# "2nd time out for fall turkey" or "screw this, i'm coming home"



## sneakygroundbuzzard (Nov 1, 2012)

i was going to put this thread in the big gam section since it lists turkey hunting,but theres no tab for turkeys there  so i will put it here

our fall turkey season started last week end,i went out last saturday and didnt see a bird.but was soaked to the bone good by noon so i went home. i didnt get a chance to hunt on sunday because theres alot going n with the wife and i right now and during the week i have to work.

so today i went out for my second day of fall turkey.i checked the weather report last night and they said it was supposed to be raining. so i planned to get up at 4 a.m. and check the radar. well i slept in untill 6 a.m..

damn already behind schedule. well l looked at the radar and it was clear. so i grabbed my trusty ol' 835 ulti mag and my gear and out the door i went by 6:30 a.m.

wouldnt you know it i wasnt driving 5 minutes and it was raining,and raining pretty good too.

i thought about turning around and heading back home but didnt. the wife said i had to go hunting to clear my head,so thats what i did.

i got to one of my favorite pieces of public hunting land at at 7:25 a.m.. damn 4 vehicles in the parking area already. i wasnt worried that they were hunting turkes. as this is a very popular lace for bow hunters and waterfoul hunters.but really didnt need or want to see others tromping around when i was hunting turkeys.

well i got out my gun,loaded 5 rounds of 3" turkey magnums,grabbed my gear and my heater.

after all it was raning and i was gonna get wet and it was only 51* were i was at and who likes to be wet and cold when hunting. not me :wink:

i walked to the meadow where the wife and i had seen a huge tom this spring,remember the one i missed at 27 yards this spring. it just didnt feel right at that spot so i kept on walking. i went past the beaver ponds to the next meadow and got to the top of the hill and just stopped and looked around and listend for about 10 minutes. nope this didnt feel loke the right spot either. so i kept on walking.

i went down the trail thru the woods to the next meadow and around the corn field. looked aroud there too,nope this didnt feel right either. so more walking was needed. down another trail and thru the woods again. i found myself in an area that i know the birds travel thru year round. damn, standing corn field there. so i walked around the corn field and found a soy bean field. im standing on the edge of the bean field and pondering if this is the spot. i get a text message from the wife asking if i had seen anything yet.

i repsonded back that i hadnt see a bird or even a track from a turkey.now this spot felt right,finally.

after about an hour of walking i found a spot that i would set up my blind in.

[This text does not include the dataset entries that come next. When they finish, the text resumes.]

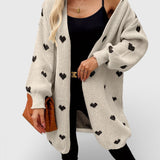 Nina™ | Cardigan lavorato a maglia con cuori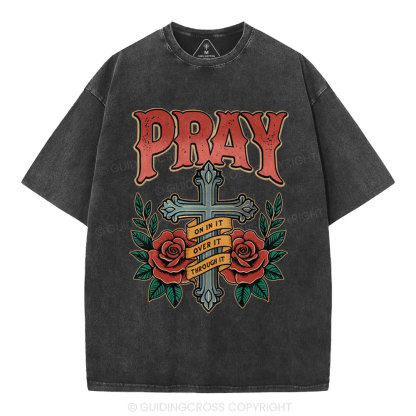 Pray Christian Washed T-Shirt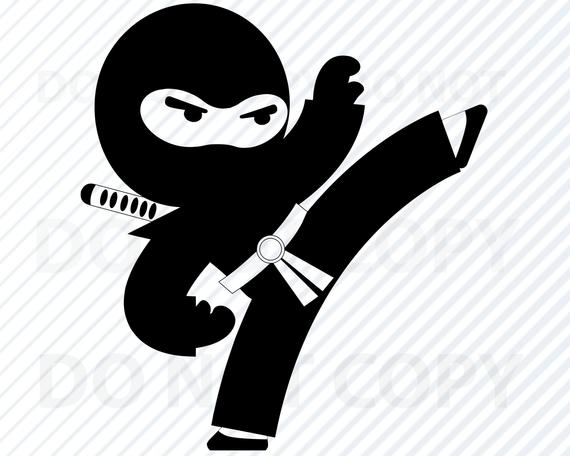 Ninja For Cricut Boy Ninja Vector Images Clipart Etsy 570x456 Ninja For Cricut Boy Ninja Vector Images Clipart Etsy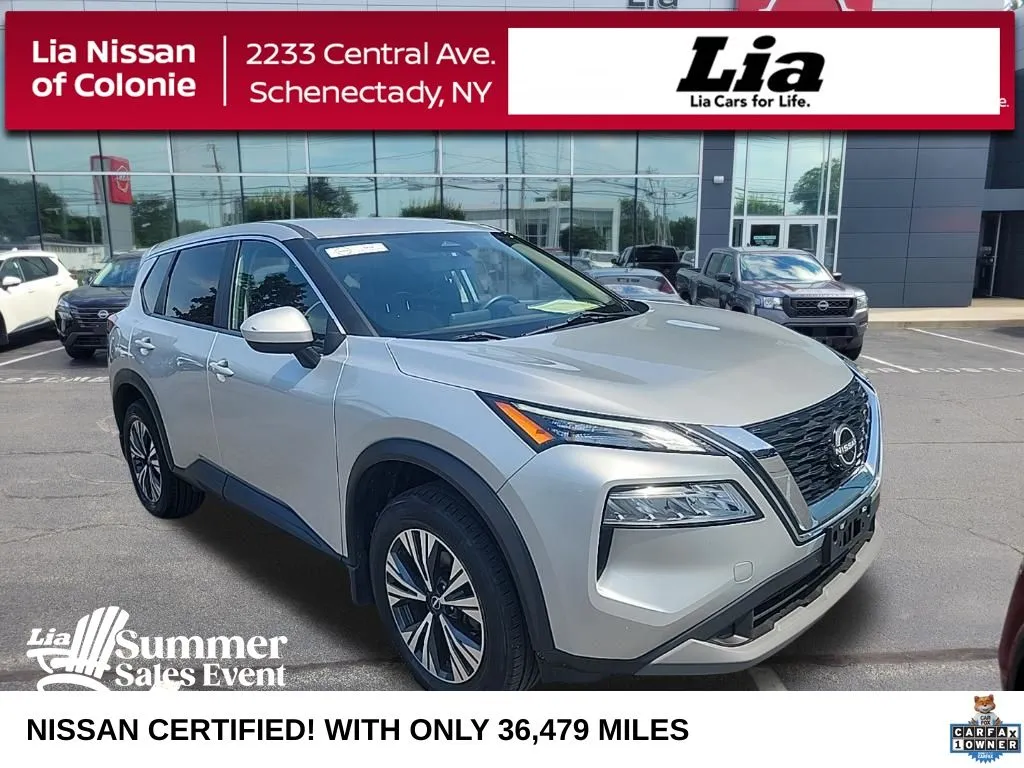 Silver 2023 Nissan Rogue SV for sale in Schenectady, NY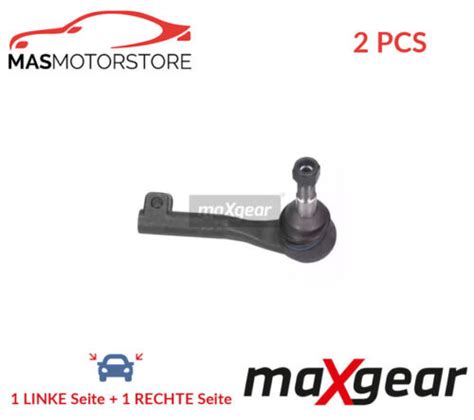 SPURSTANGENKOPF AXIALGELENK VORNE MAXGEAR 69 0797 2PCS A NEU OE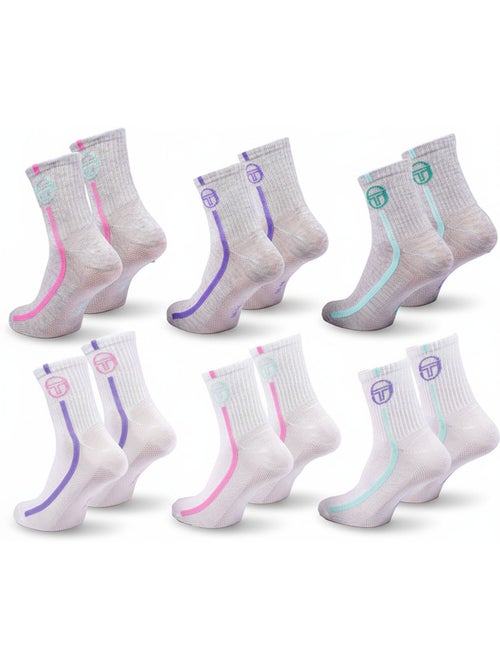 Confezione 6 Calzini Quarter Donna Sergio Tacchini - Kiabi Confezione 6 Calzini Quarter Donna Sergio Tacchini - Kiabi
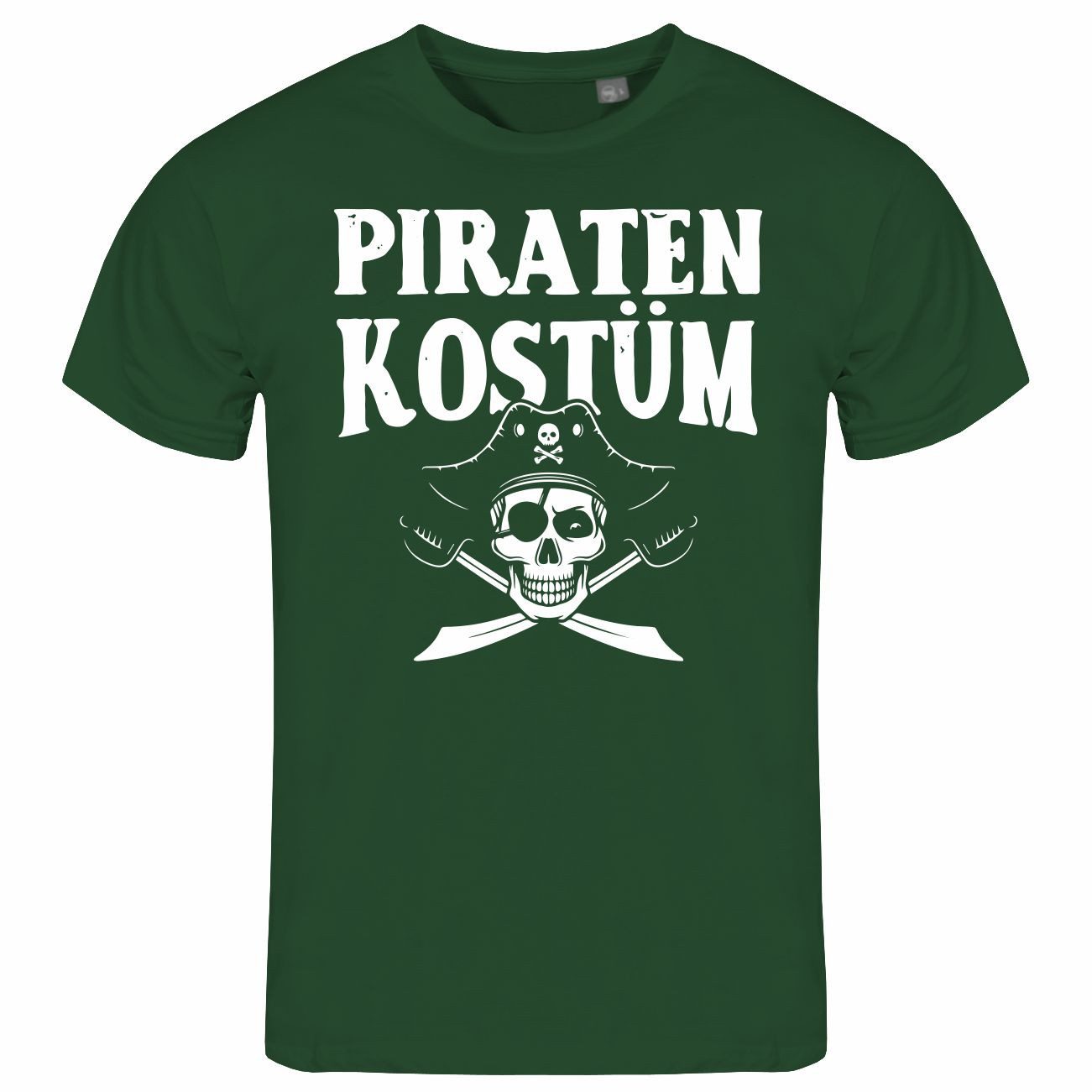 Print-Shirt Herren T-Shirt PIRATENKOSTÜM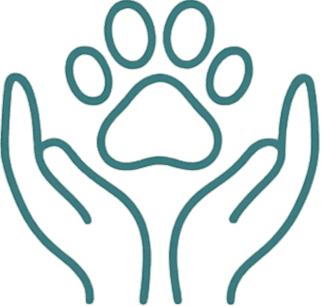 Compassionate connection between pet owner and beloved pet during end-of-life care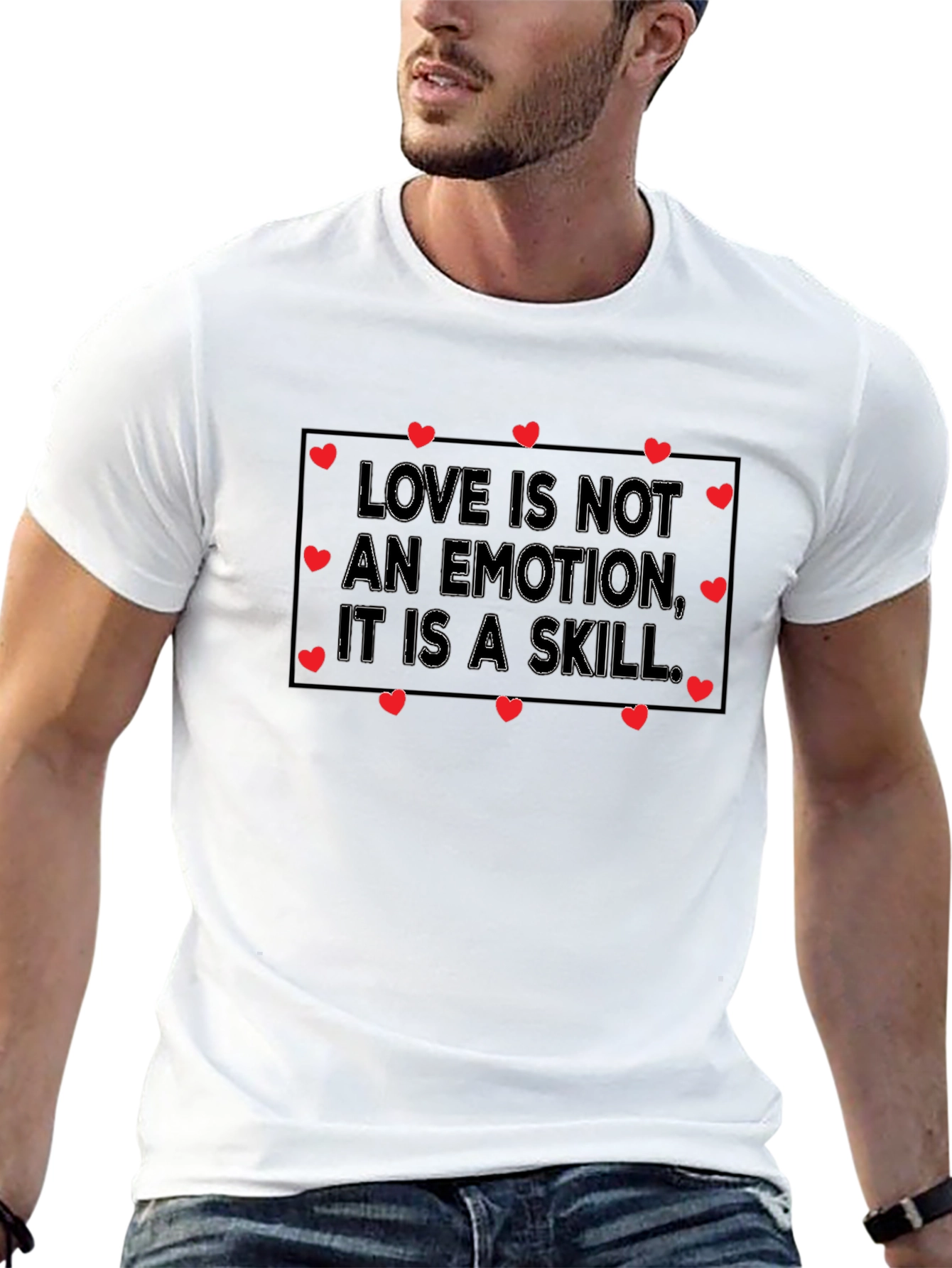 Love is a Skill Graphic Tee - Black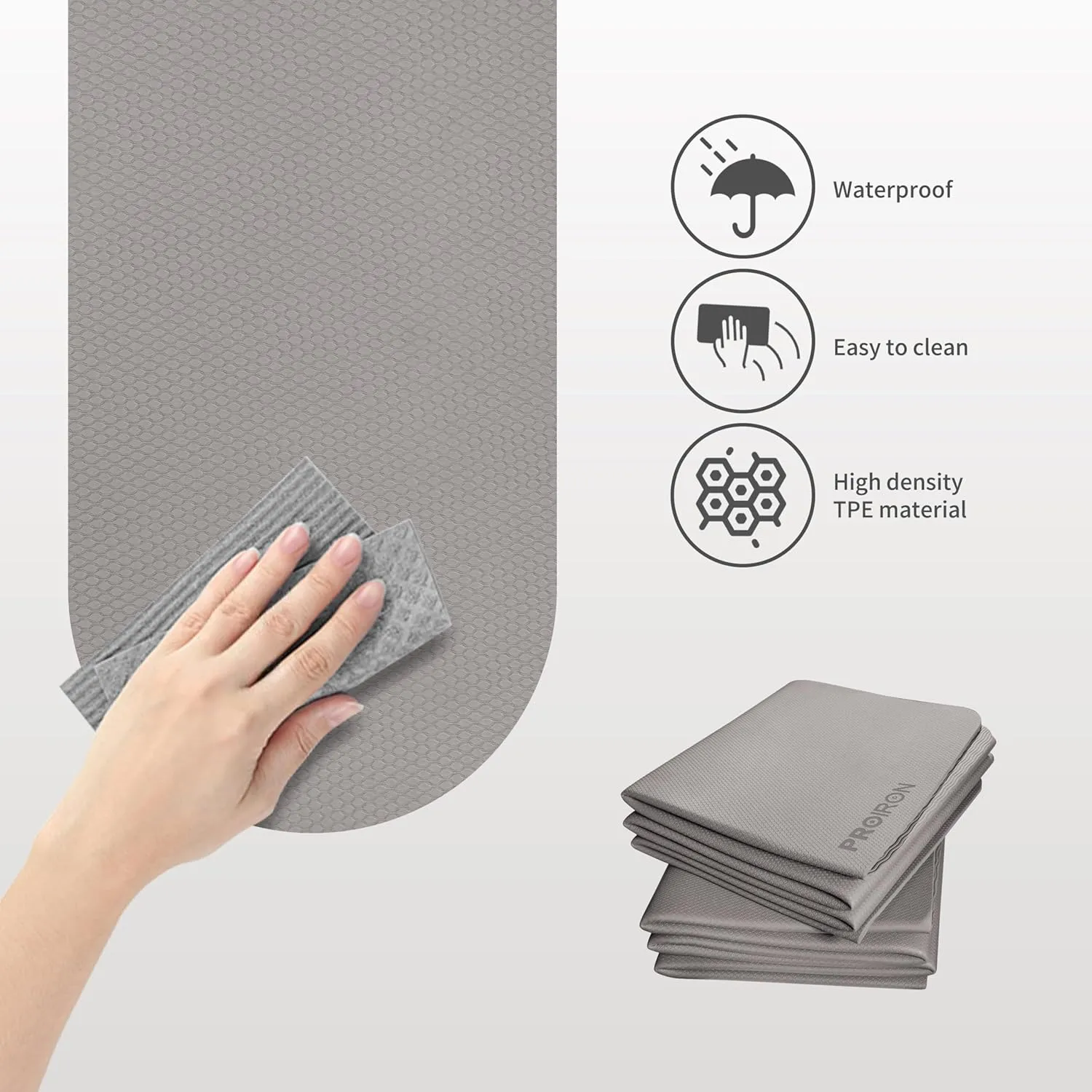 PROIRON Foldable 72“x24"x0.24”(6mm) TPE Yoga Mat,NOT PVC!!!-Folding Yoga Mat Thick for Home Workout & Travel, Eco-Friendly TPE Non Slip Yoga Mats with Storage Bag,Portable Yoga Mat for Home Gym, Pilates, Fitness,Stretching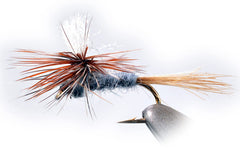 Region Fishing Parachute Adams dry fly on Mustad hooks for precise drift and visibility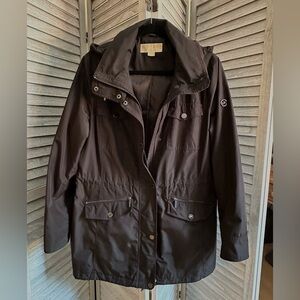 Michael Kors Black Rain Jacket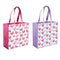 TALLON LARGE SQUARE PP HEARTS & BUTTERFLIES SHOPPING BAG 40 X 40CM. TA7349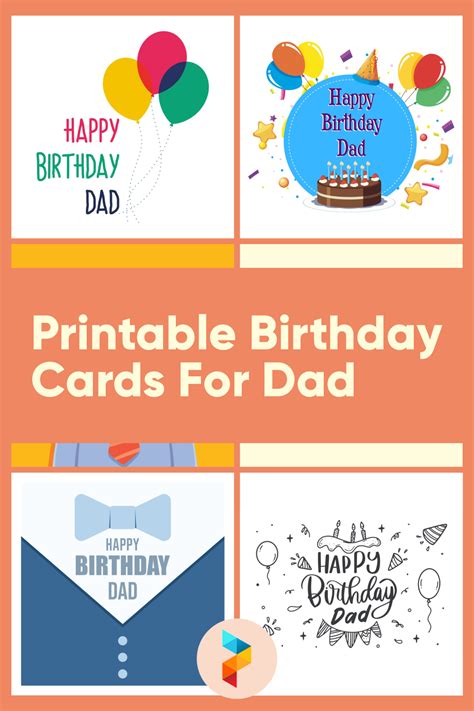 Birthday Cards For Dad - 10 Free PDF Printables | Printablee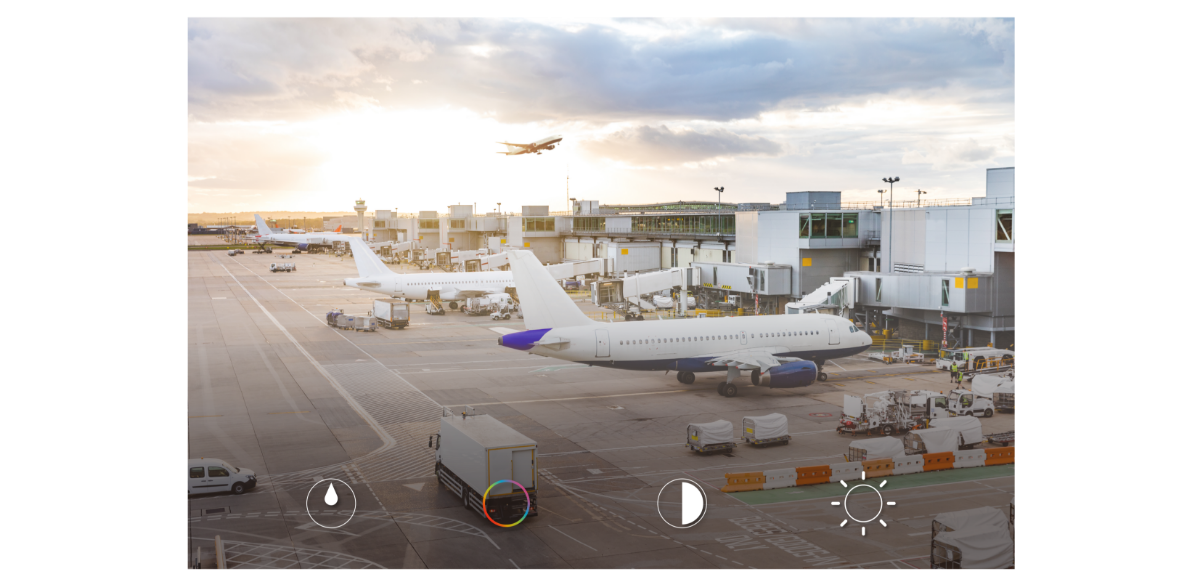 亮度、色調、對比、飽和度的調整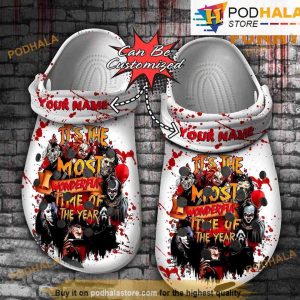 Personalized Horror Characters 3D Funny Halloween Crocs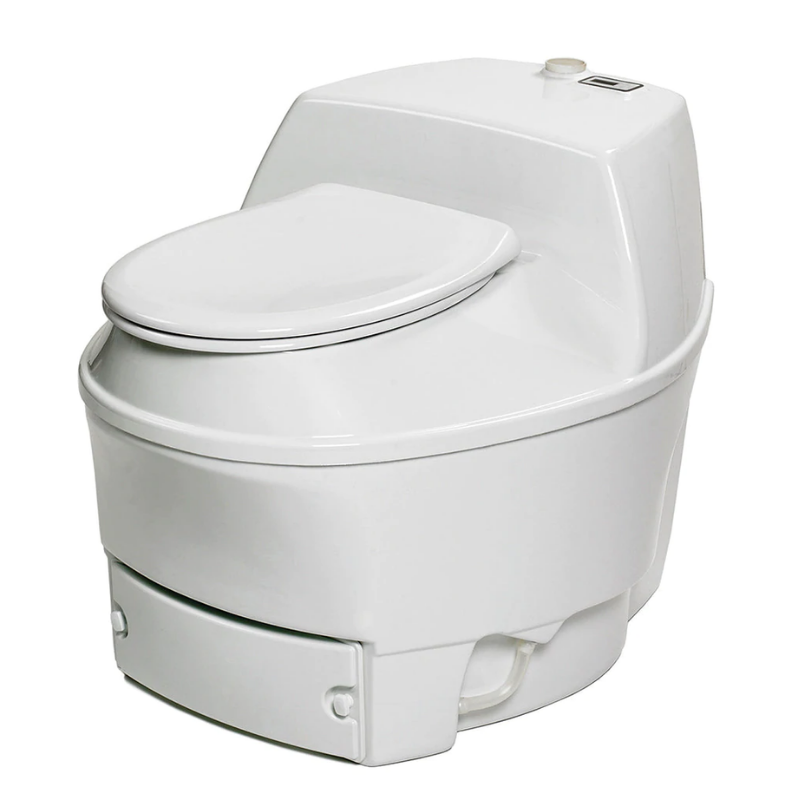 BioLet Composting Toilet 65a front and side view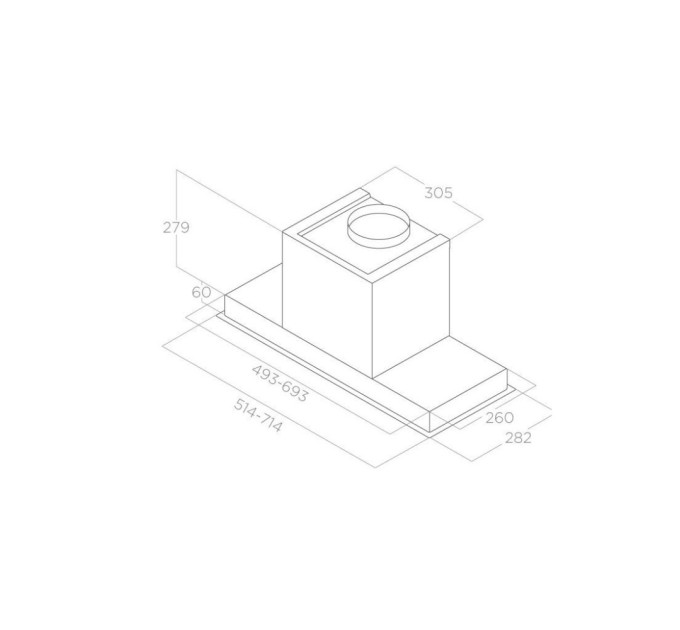 Витяжка кухонна Elica HIDDEN 2.0 IXGL/A/52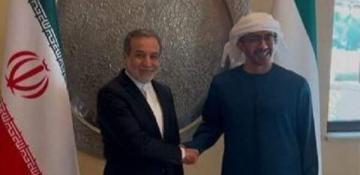 Iran and UAE foreign ministers discuss regional issues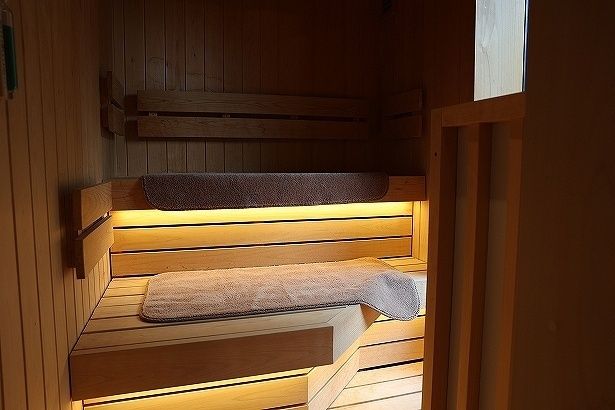 一部の客室では自室でサウナを楽しむこともできる
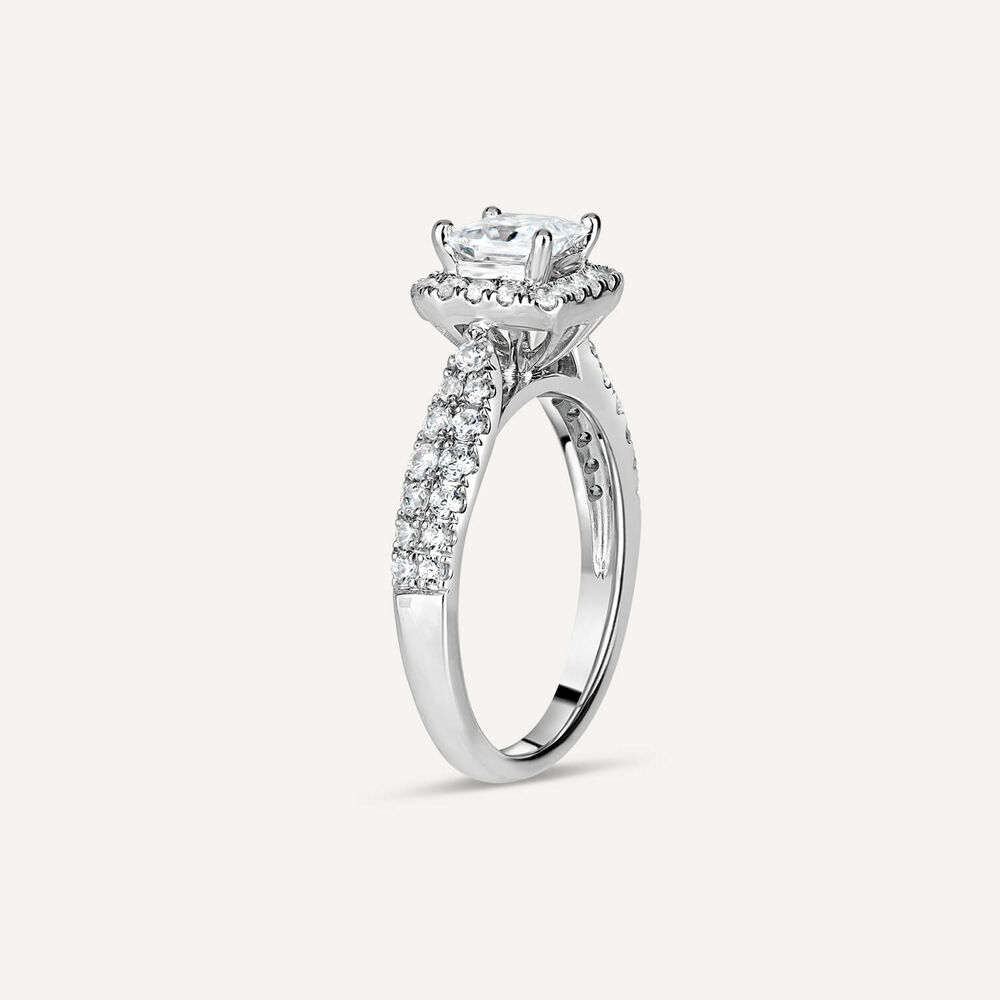 Sterling Silver Princess Cut Cubic Zirconia Ring image number 3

so i drop my back pack and dig out and set up my blind,get it staked down.

damn, now mother nature is calling and shes calling loud.

so i climb out of the blind with a roll of t.p. and find a nice tree.

now im back in the blind and just starting to dig my chair out of my back pack when i looke out the window.there a five hens working there way towards me,coming up the hill in the field.

once again,DAMN. all the windows are wide open and i dont even have my black short and mask on yet.

so i sit there without moving,just watching the hens.when they drop thier heads to feed i start to close the windows.but still watching them.when they lift thier heads i freeze,when they lower them i keep closing the windows. o.k. now they cant see into the blind as i have the windows closed up with just enough of the mesh open to see them and slip my gun barrel out if needed.

i get my black clothes on,now i can open the windows a bit more.i have just the mesh window facing the hens open about 6 inches now and they are still coming my way.

as they crest the hill in the field they pause staring at the blind. then they start to walk and feed again but are slowly angling away from my blind. now im thinking there goes my opportunity for the day.

however as they get into my line of fire they are only about 33-35 yds away.

now this is really pushing the limits of my trusty ol' 835 ultimag. but i know it now or never.

so i slip the barrel out the window. i place the head of one of the hens in my tri viz site and slowly squeeze the trigger. KABOOOM the ol' 835 barks out. the birds start to run around in the field.well all excpt for the one whos head was in the site. shes just laying there flopping around.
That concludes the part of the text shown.